In which a book that appears to be about baseball is more accurately about the human condition
Title: The Art of Fielding
Author: Chad Harbach
What it’s about: Baseball is Henry Skrimshander’s life. His bible is The Art of Fielding by Cardinals shortstop Aparicio Rodriguez. It teaches him to be a leader, to play with intensity and calm, and to never, ever make an error. What Aparicio’s book can’t do for Henry though is get him out of the no-name club team in Peoria with a losing record. For that, he needs Mike Schwartz, a college ballplayer and unofficial student coach who catches Henry’s postgame practice after a local summer game. Mike sees talent in the scrawny, underweight kid, so much talent that he practically promises Henry a scholarship to Westish College in northern Michigan, a promise he delivers on. At Westish, Henry develops under Mike’s training regiment of grueling stadium runs at 5 am and Powerboost shakes with every meal. Soon he’s in the running the break Aparicio’s streak of errorless games. Until he makes a terrible mistake.
I know that synopsis makes it sound like this is a book about baseball, but it really isn’t. Well, it is, in the sense that it centers on a team of college players. But the book is bigger than the team and spends a lot of time off the field and outside of the gym. We see Mike’s struggle with pain after years of back-to-back football and baseball seasons that have ruined his knees and his resistance to being a coach (those who can’t coach) even though it’s the thing at which he excels. We see Henry’s roommate Owen, a passionate eco-activist who clips a reading light to his cap in the dugout and whose afternoons with the university president develop from friendship into something more.

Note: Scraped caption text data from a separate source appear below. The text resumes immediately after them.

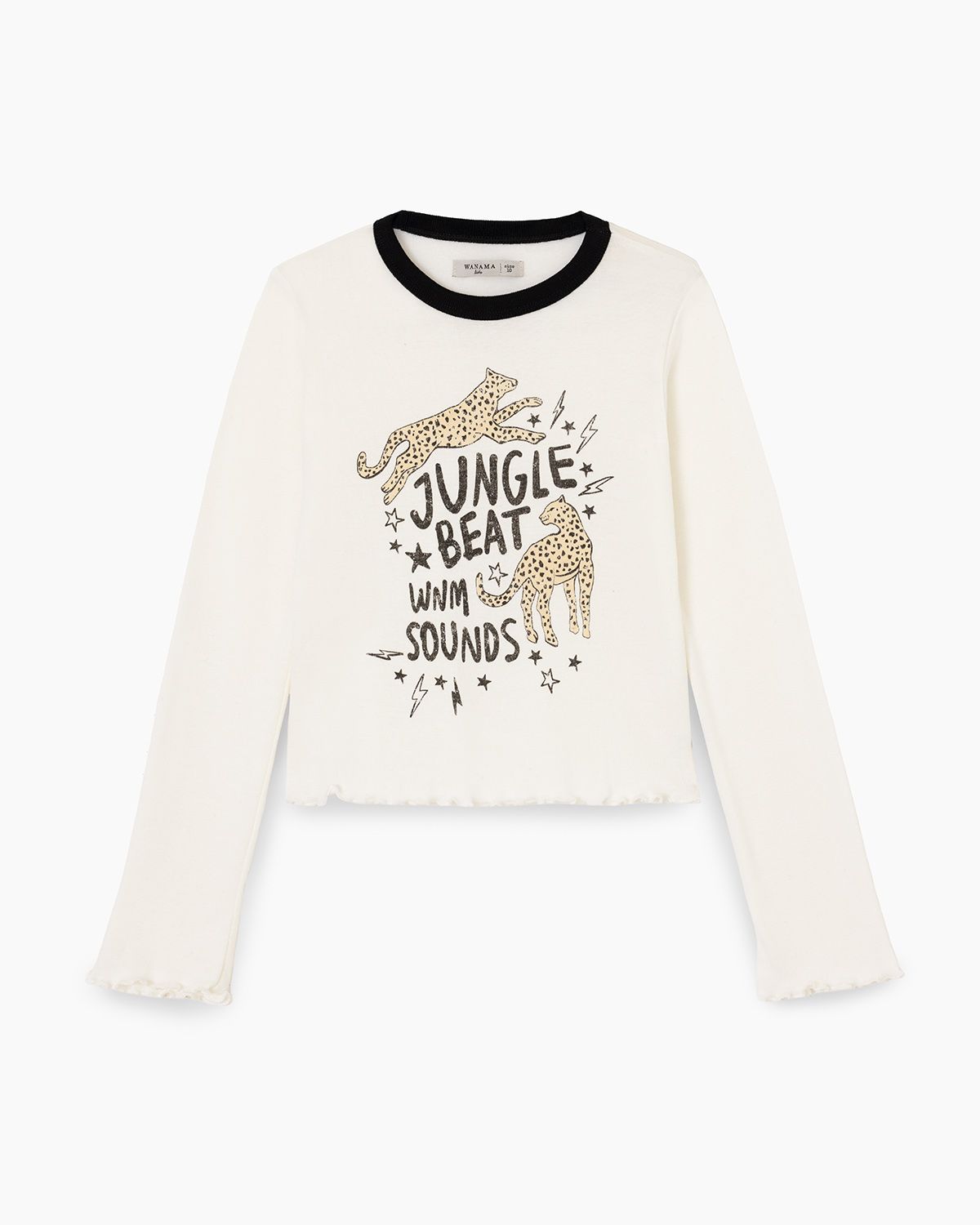 Remera Jackie Niña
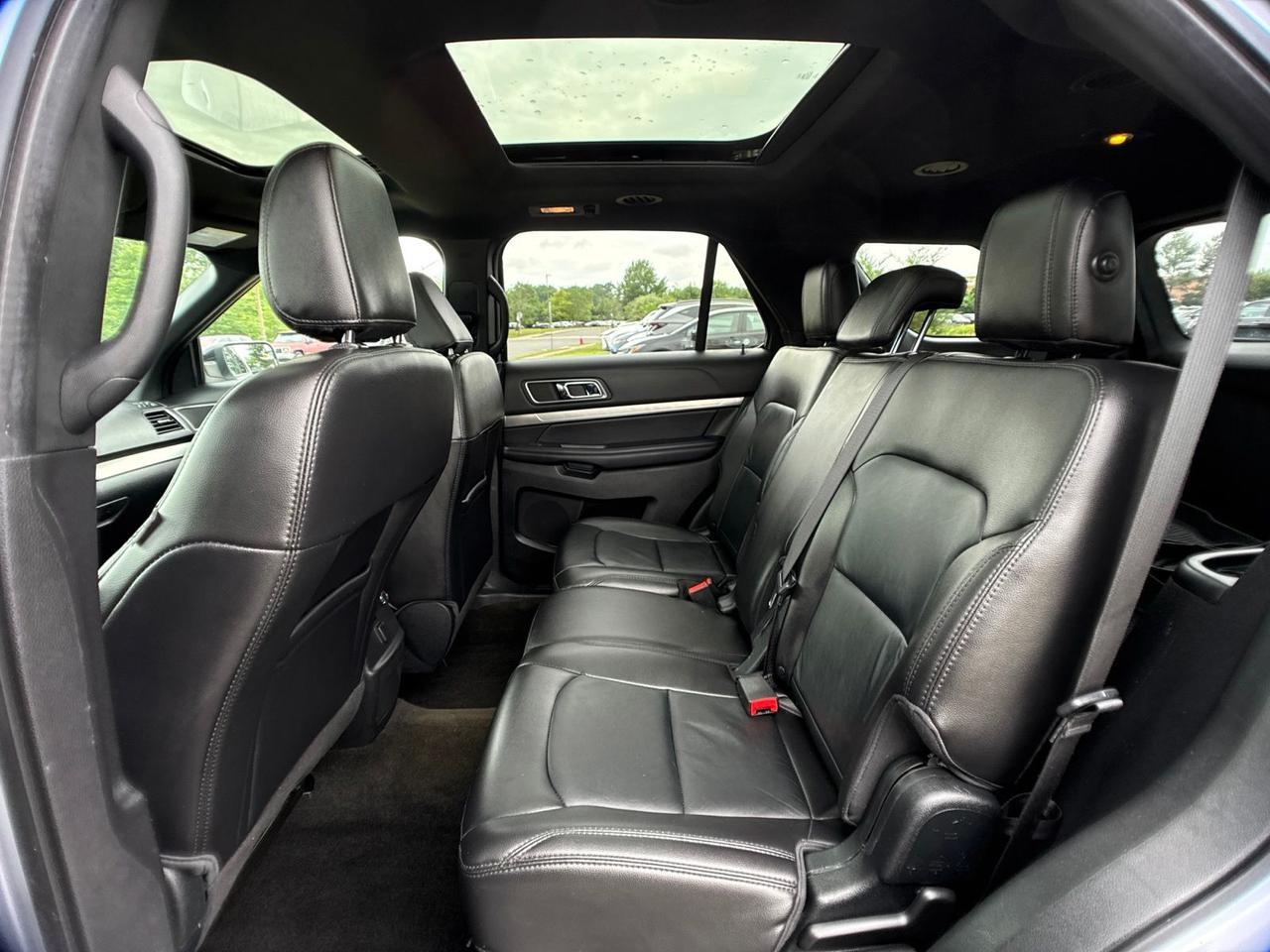 2018 Ford Explorer XLT Chantilly VA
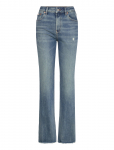 Calvin Klein Jeans - High Rise Straight Memphis - Sirged ja klassikalised - RG/30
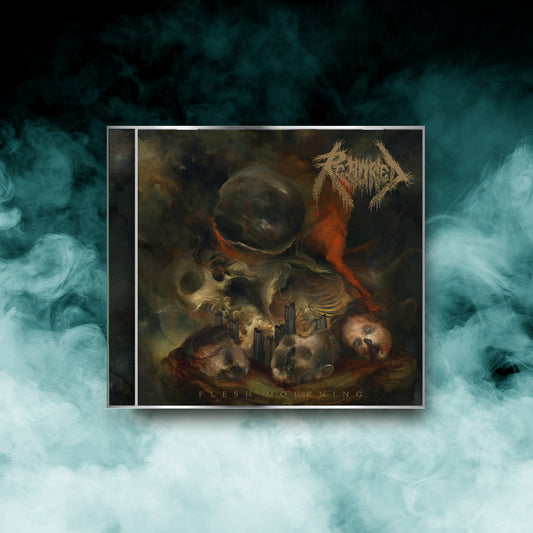 Reburied - Flesh Mourning (CD)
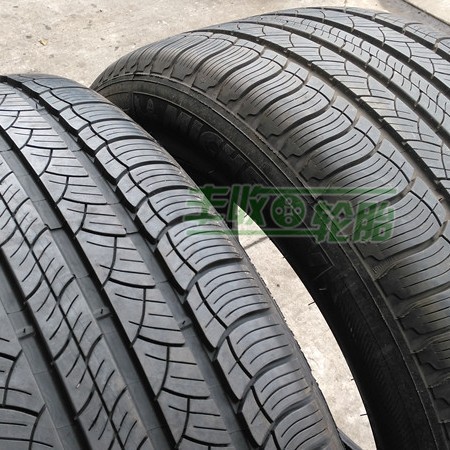 Michelin Tire 265/50R 19 110V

At least half of the story revolves around President Affenlight, a Melville scholar who has dedicated his life to Westish College, his favorite place in the world, and who is reconnecting with his estranged daughter Pella, who is running from a failing marriage that started too young and falling for the friendly and appreciative Mike Schwartz.
These five people form a tapestry, making this a human drama rather than just a story about sports. I’m not a huge baseball fan, so I wasn’t particularly excited to read this book, but I’d seen so many good reviews that I decided to give it a chance. I’m glad I did. The book is brilliantly written with flowing prose and nuanced characters. I flew through each chapter, enjoying the different voices and the care that’s taken to balance thought and action. The story is thoughtful but exciting, has depth but also simplicity. It has the emotional scope of The Corrections with none of the cynicism and a ton of heart.
Would I recommend? Definitely. If you’re not a baseball fan, don’t be discouraged! Sports is really just the entry point to a complex and moving story about five people trying to learn who they are and who they want to become. Don’t miss it!